Wednesday, July 10th 2024, 4:09 pm
A restaurant in downtown Bartlesville is offering classic Oklahoma features but combining them with flavors from around the world with local meat from a ranch 25 miles away.
Mark and Kelly Spencer opened Painted Horse in 2013 and own a few other restaurants. They say the restaurant biz is all about service, compassion, and delicious food.
Colorful, vibrant paintings of horses, rustic cowhide, and a full U-shaped bar—the restaurant's centerpiece—greet customers, new and old, at Painted Horse.
The historic building has original floors and ceilings from 1904.
“People ask me, how did I get started in the restaurant business, and I tell them, poor choices,” Mark said.
Mark and Kelly Spencer own the restaurant and have a few more around town and in Arkansas.
Painted Horse opened 11 years ago, but the owners have been together and in the restaurant business for much longer.
“We’ve done it together for 40 years,” said Kelly. “I’m the back of the house. He's the visionary, I’m the glueifier.”
The menu has something for everyone: from the classics, like burgers and steaks, to more unique options like their Asian-inspired salmon, salads, and mac and cheese of all kinds.
“I wanted to offer things that a lot of people would enjoy and things I enjoy cooking,” Mark said.
The best part is that most of the meat is farm-to-table. Mark is a fifth-generation rancher, and he and Kelly own Wolf Creek Ranch in Pawhuska, where they raise horses and cattle.
“We will sell hamburgers from our ranch, the steaks and roasts and things like that here at the restaurant, a real ranch-to-table,” he said.
Back in the bustling kitchen, chefs tend to steaks of all cuts and press down burgers on the grill.
The ribeye steak gets a lot of seasoning and is seared and served at a beautiful medium rare alongside roasted Brussels sprouts and parm potato wedges.
One bite melts in your mouth, and it’s even better with the compound butter. The Brussels sprouts are tangy and have a charred bite to them.
The grilled salmon is a change of pace from the hearty ribeye.
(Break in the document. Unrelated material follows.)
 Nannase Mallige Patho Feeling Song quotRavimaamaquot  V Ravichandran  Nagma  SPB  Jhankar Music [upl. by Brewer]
After chefs sauté a medley of veggies and get the salmon seasoned and grilled, the fish gets served on top of a bed of rice and is topped with a hibachi sauce and spicy slaw.
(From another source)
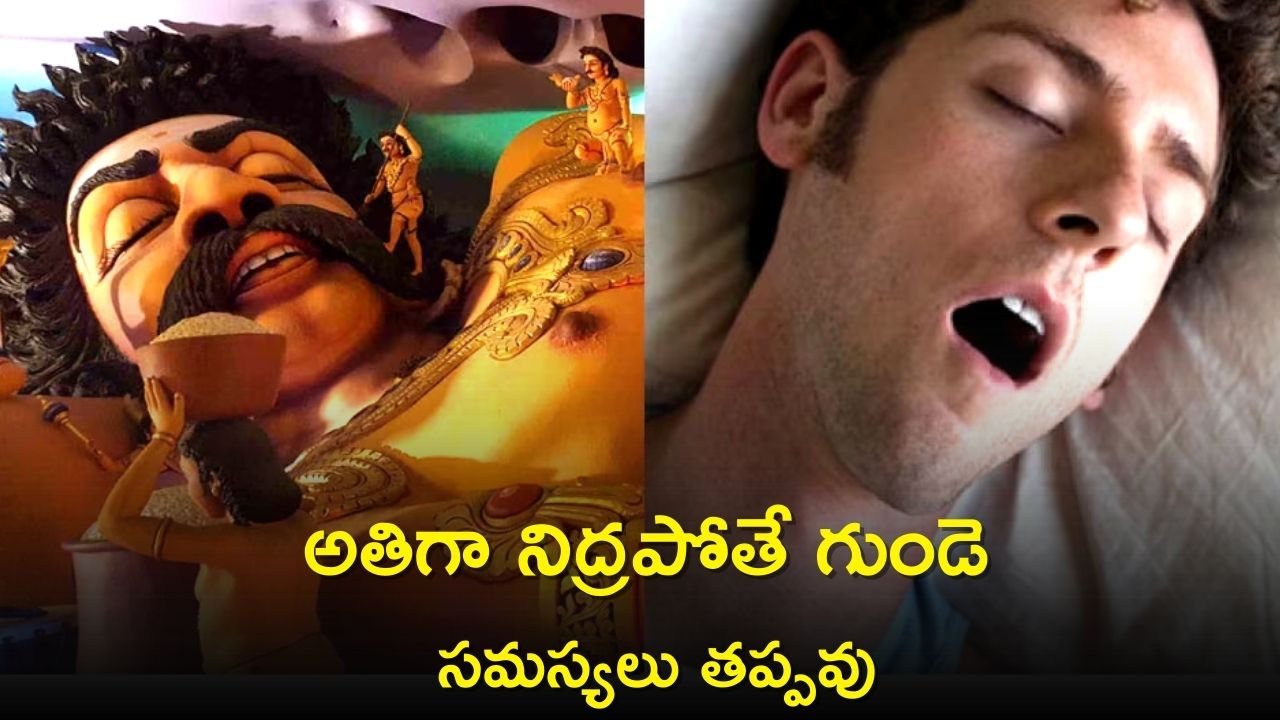 Oversleeping: అతిగా నిద్రపోతే గుండె సమస్యలు తప్పవటా, ఎందుకో తెలుసా?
It’s spicy, sweet, and fresh.
Mac and cheese isn't a side dish here—it’s a main course. They call this the Cluck and Squeal; hot noodles are covered in a five-cheese sauce and topped with breadcrumbs, chicken, bacon, and green onion.
“All of our mac is really, really good,” Kelly said. “Pork, beef, shrimp, chicken.”
All that cheese would make anyone a little thirsty. That’s why the bar has something for anyone.
“This is Travis, our bartender,” Mark said. “My oldest son also.”
Painted Horse is a family affair, with their daughter Hannah as the GM and Travis behind the bar.
He’s shaking up a summer drink, the coconut margarita.
“You could be on a tropical beach or you could be in Osage County,” said Mark.
This drink gets a coconut flake rim, and Travis combines tequila with triple sec, pineapple juice, coconut, and fresh lime—dangerously good.
The Painted Horse is named in honor of Mark’s great-grandmother, a full-blood Cherokee who painted a paint-by-number horse when Mark was a kid.
“The painted horse began one day I'll have a restaurant and name it for my great grandma, the painted horse,” he said.
Mark and Kelly say the secret sauce to their success is kindness and consistency in their staff and their service. They get to know their customers, and the friendship makes people want to come back for more.
“If you can work on food and make it really good and have a great atmosphere, you have a chance, but then you gotta put the work in,” Mark said.
Painted Horse is located at 110 SW Frank Phillips Blvd, Bartlesville, OK 74003.